I Do Not Think Those Words Mean What You Think They Mean

Cite this Article
Joshua D. Wright, I Do Not Think Those Words Mean What You Think They Mean, Truth on the Market (December 04, 2009), https://truthonthemarket.com/2009/12/04/i-do-not-think-those-words-mean-what-you-think-they-mean/

Here’s Henry Waxman on the federal government saving the newspapers from failing:

“The newspapers my generation has taken for granted are facing a structural threat to the business model that has sustained them,” said Representative Henry Waxman, a Democrat from California.

The loss of revenue has spurred a vicious cycle with thousands of journalists losing their jobs,” he told a meeting on journalism in the Internet age hosted by the Federal Trade Commission (FTC).

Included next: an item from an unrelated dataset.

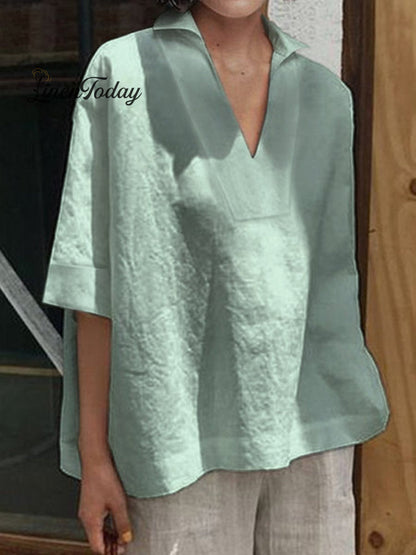V-Neck Cotton and Linen Solid Colour Loose Mid-Sleeve Shirt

“We cannot risk the loss of an informed public and all that means because of this market failure,” he said.

Market failure.”  Here is the definition in my Carlton & Perloff textbook: “distortions or inefficient production due to improper pricing.”  So, what are the distortions here?  Or inefficient production?   Professor Bainbridge picks up on Waxman’s conflation of “market failure” with “failing in the market”:

I’m puzzled. What exactly is the market failure here? Welfare economics classically recognizes four basic sources of market failures: producer monopoly; externalities; the good to be produced is a public good; and informational asymmetry between producer and consumer.

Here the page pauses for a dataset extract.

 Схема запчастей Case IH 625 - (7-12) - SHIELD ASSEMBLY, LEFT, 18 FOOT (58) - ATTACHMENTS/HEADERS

I don’t see any of these as the newspaper industry’s problem. Instead, I see obsolete technology coupled to an antiquated business model.

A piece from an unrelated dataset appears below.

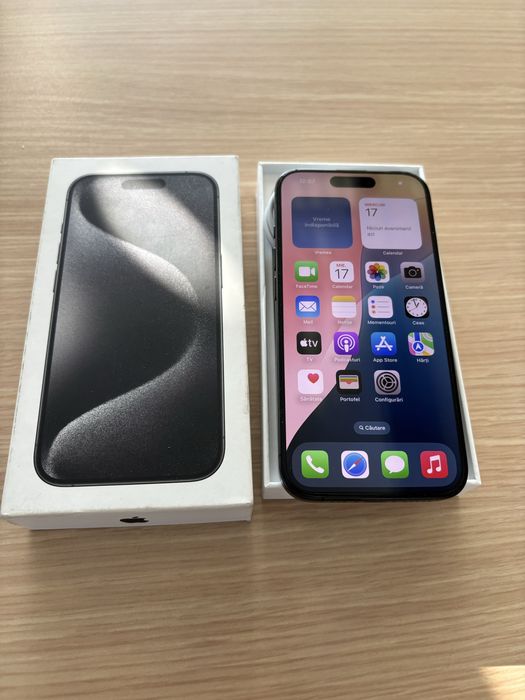 Iphone 15 Pro negru 256GB liber de retea impecabil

I’m also a little bit disappointed to see the Federal Trade Commission join in the fray here in talking about “helping” to support news organizations and getting into the business of picking winners rather than enforcing competition law to ensure that the competitive process is fair and encourages encourages the marketplace to be “the decider” rather than Congress or federal agencies.  Congress is one thing.  And nothing new.  But one would hope that the federal agencies responsible for thinking rigorously about competition issues would refrain from discussing seriously the idea of regulatory subsidies for specific competitors that are losing the battle for consumer dollars in the marketplace to new technologies and innovation.